Introduction
The 6850 is a serial port controller. It is used on Thomson TO9 to connect the keyboard to other parts of the system, allowing a detachable keyboard.
The joystick/mouse connector is on the detachable keyboard, so it is scanned through the same serial protocol.
Later machines use bit-banging on the system 6846 to implement the keyboard scan, to avoid using this chip and reduce costs.
Registers
Address | Name | Description |
E7DE | SCR/SSDR | Control (write)/Status (read) |
E7DF | STDR/SRDR | Data transmit/receive |
Keyboad communication protocol (TO9)
The communication happens at a rate of 9600 bauds. It is asynchronous, there is no clock signal on the keyboard connector.
Reading
When no peripherals are connected
This always uses an odd parity
When a single key is pressed, its key code is sent every 70 milliseconds (keyboard repeat)

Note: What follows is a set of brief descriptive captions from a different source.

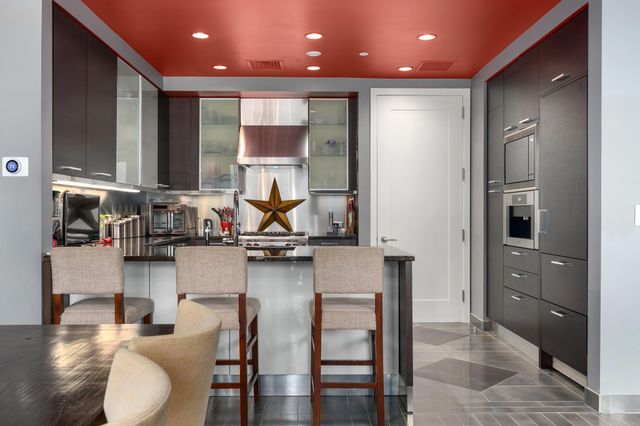 200 Congress Ave 11A, Austin, TX 78701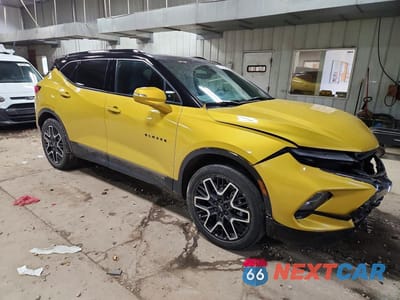 Czwarte zdjęcie samochodu z boku: 2023 CHEV BLAZER RS VIN:3GNKBKRS7PS114753 - miniatura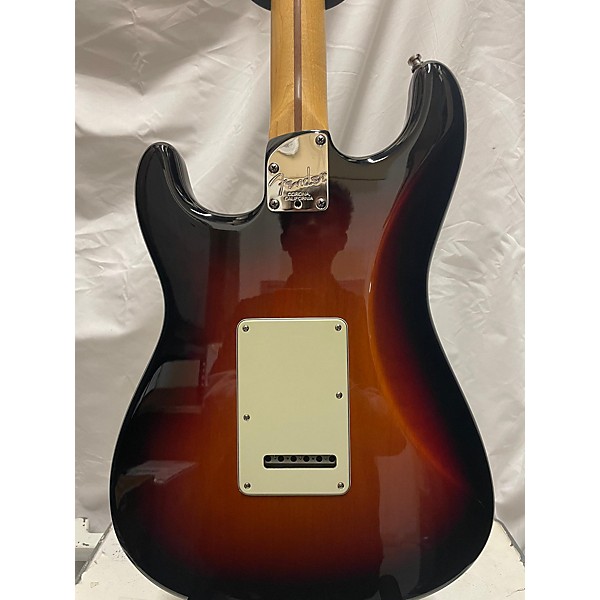 Used Fender Used Fender American Deluxe Stratocaster 3 Tone Sunburst Solid Body Electric Guitar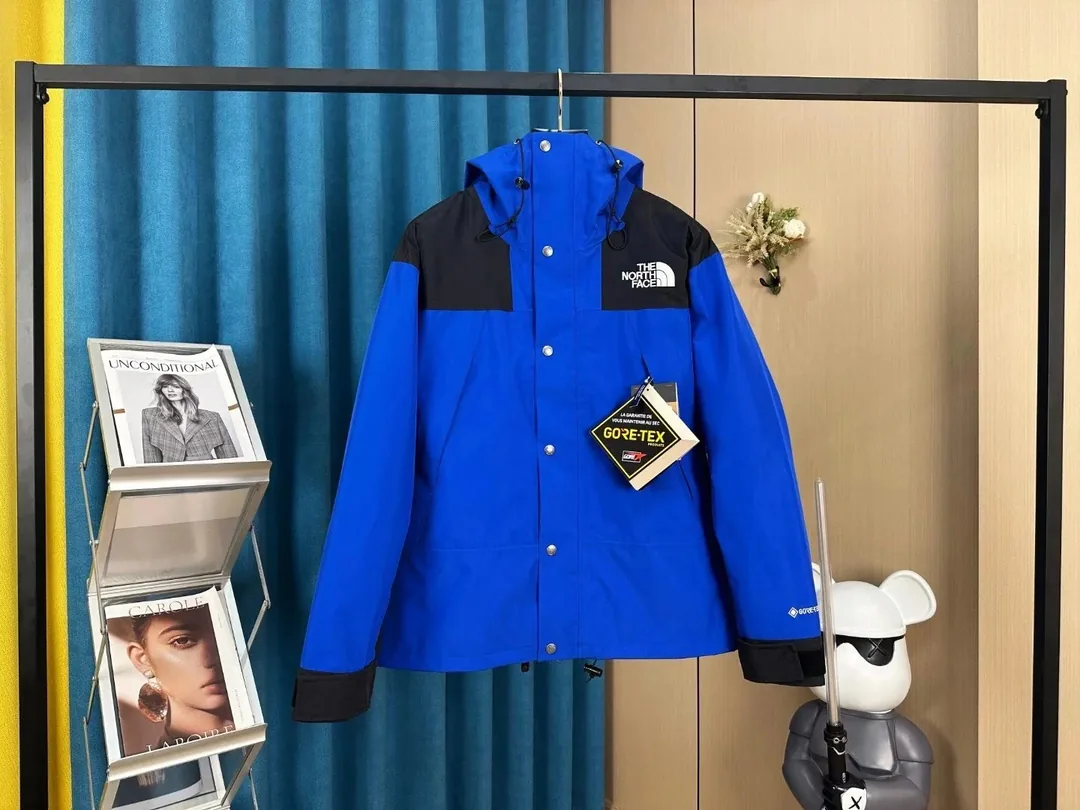 The North Face Gore-Tex Windbreaker — Photo 10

When more than one key are pressed, they key codes are sent only once (on press), until only one is pressed.
When no key is pressed, nothing is sent.
With peripherals
When a joystick or mouse is connected, the protocol is made of 4 bytes every 10 milliseconds.
The first byte has odd parity and holds the key code as above. If no key is pressed, it has value 0. If key repeat is active, it is 0 6 times out of 7, and the key code of the repeated key for the 7th time, leading to the same 70ms key repeat delay.
The 3 other bytes have even parity and hold data for the peripheral:
The second code is the relative X coordinate (from 0 to 255).
The third code is the relative Y coordinate.
The last byte is the buttons (bits 0 and 2) and X and Y overflows (bits 6 and 7, when the mouse or joystick moves too far, this is set).